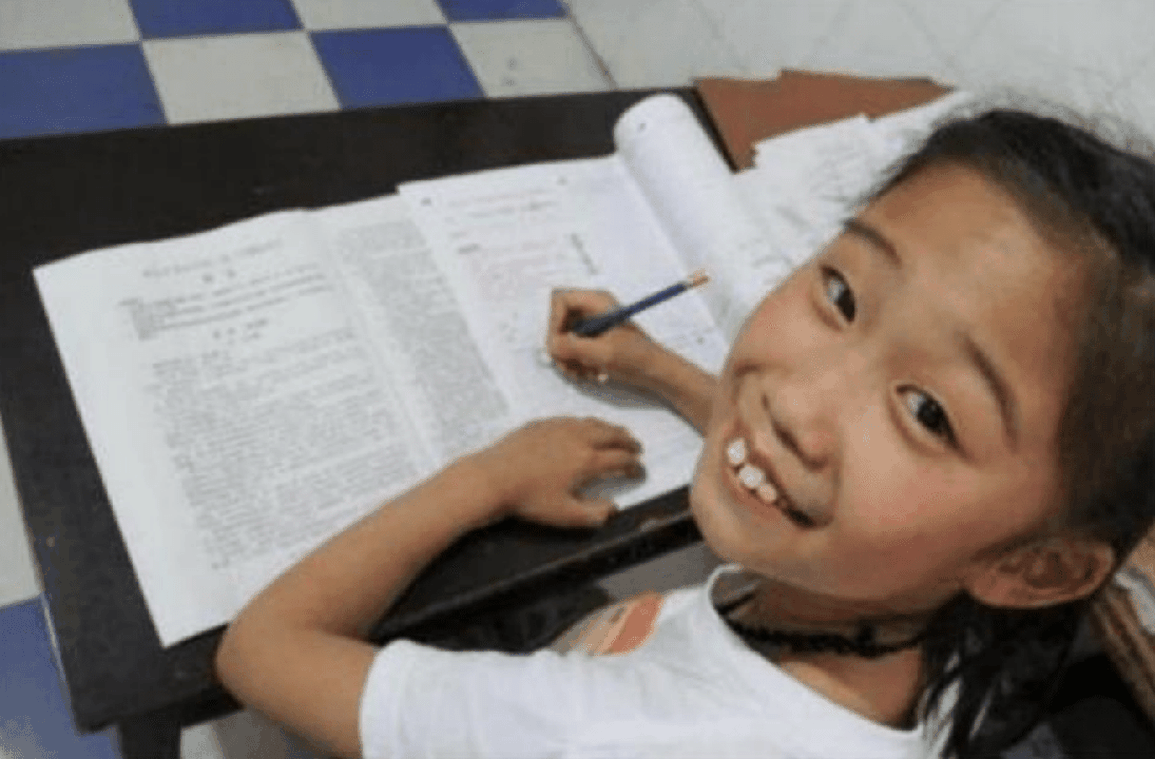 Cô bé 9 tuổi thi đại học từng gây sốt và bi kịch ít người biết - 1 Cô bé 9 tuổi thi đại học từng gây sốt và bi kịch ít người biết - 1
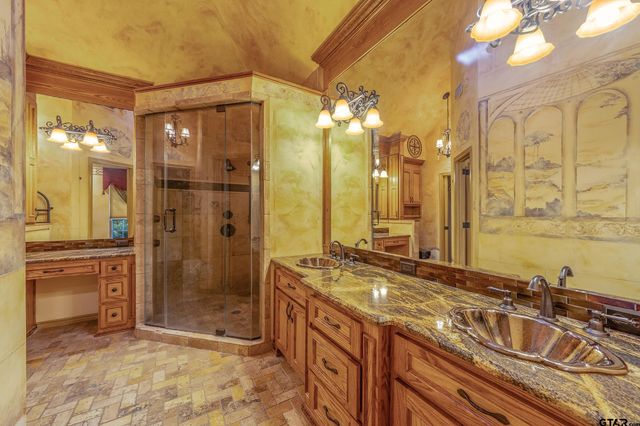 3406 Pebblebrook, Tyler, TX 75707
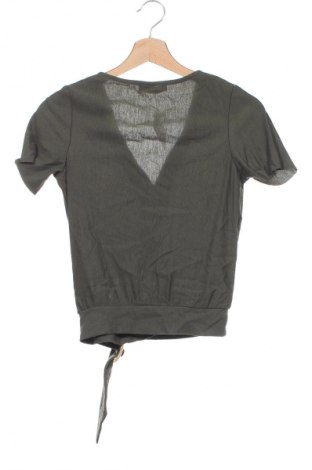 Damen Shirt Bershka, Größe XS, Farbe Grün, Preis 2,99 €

^^^^^^^^^^^^^^^^

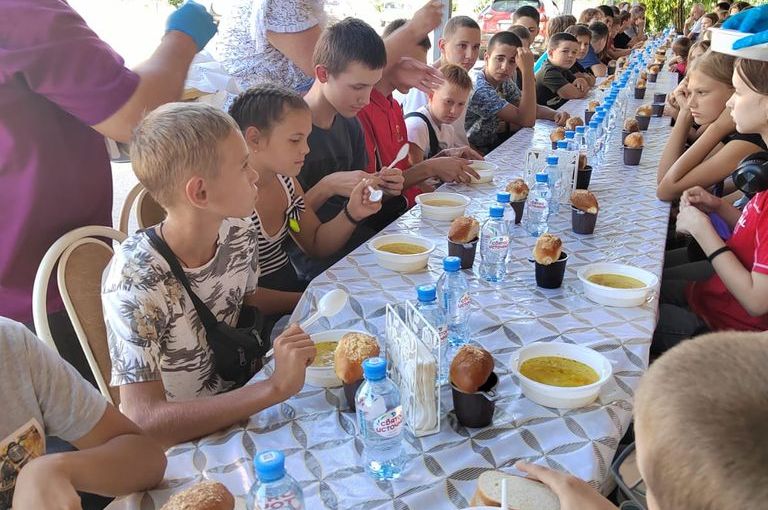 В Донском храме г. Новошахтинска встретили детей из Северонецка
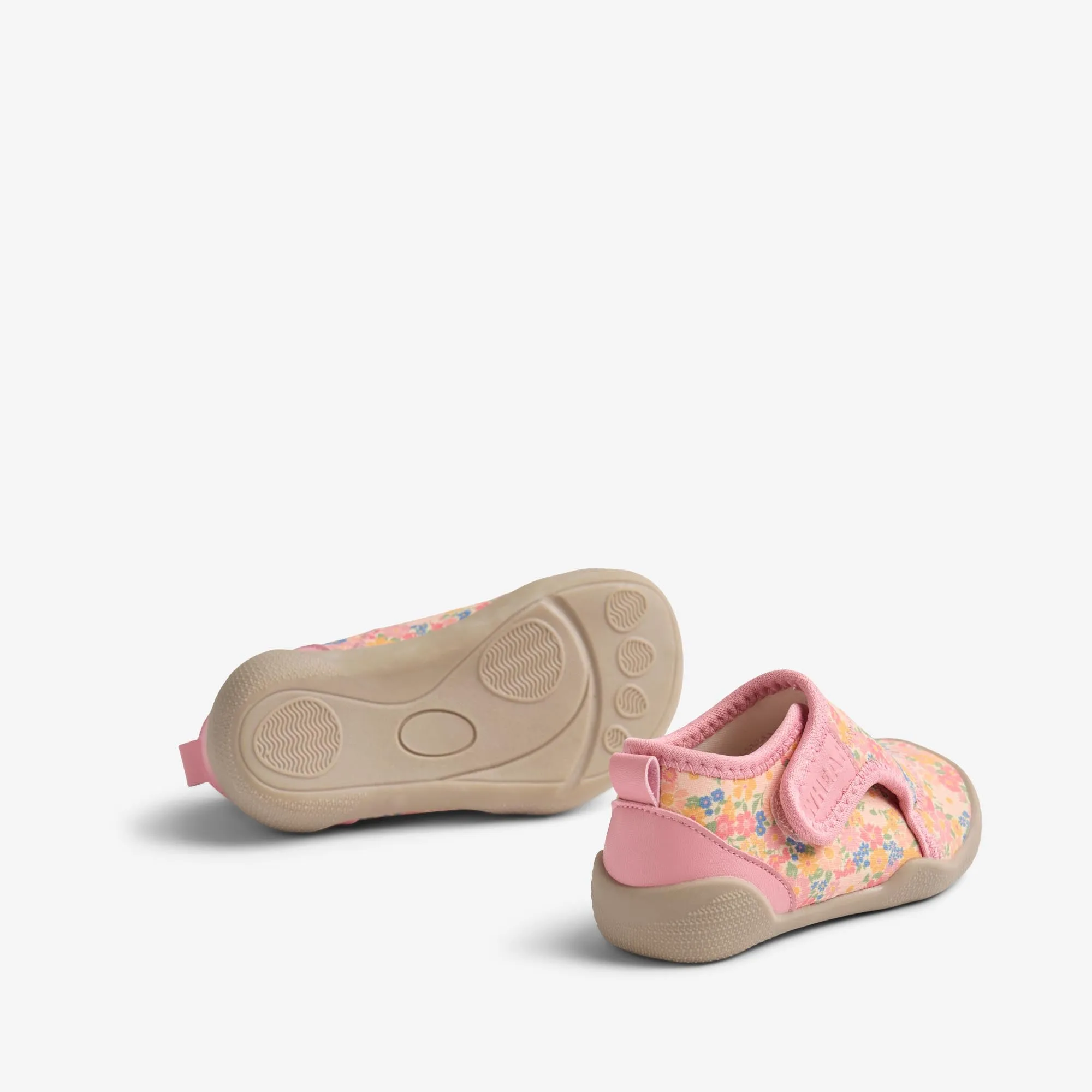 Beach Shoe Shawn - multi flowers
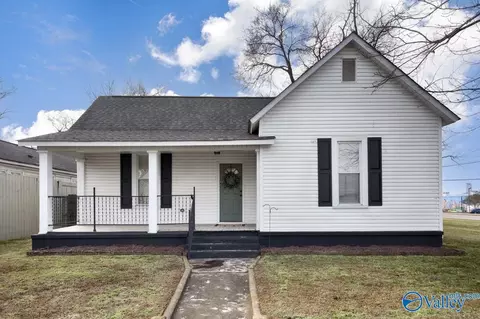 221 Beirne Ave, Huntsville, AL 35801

^^^^^^^^^^^^^^^^

Your reply should hold nothing but the lines above, from the one containing "В Донском храме" to the one containing "221 Beirne Ave, Huntsville, AL 35801", reproduced exactly minus the pictures.

 В Донском храме г. Новошахтинска встретили детей из Северонецка
 Beach Shoe Shawn - multi flowers
 221 Beirne Ave, Huntsville, AL 35801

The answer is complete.